Data -
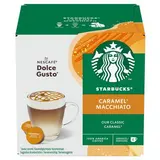 Starbucks by Nescafé Dolce Gusto Caramel macchiato, 12 capsules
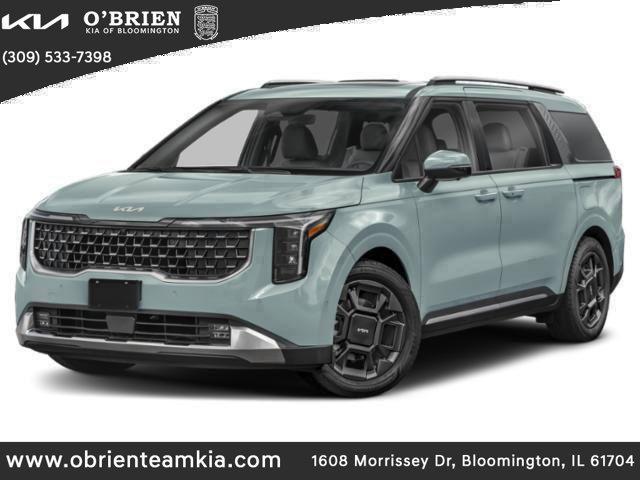New 2027 Kia Carnival SX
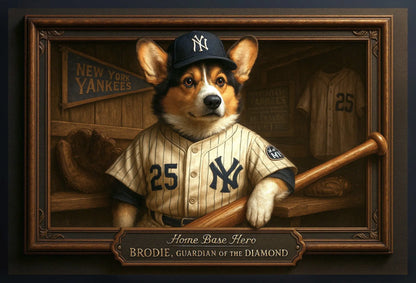 The Home Base Hero Pixel Paws Pet Portraits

Task to carry out -
Your reply should hold every line of the material, unaltered, and not one picture.

Answer space -
 Starbucks by Nescafé Dolce Gusto Caramel macchiato, 12 capsules
New 2027 Kia Carnival SX
 The Home Base Hero Pixel Paws Pet Portraits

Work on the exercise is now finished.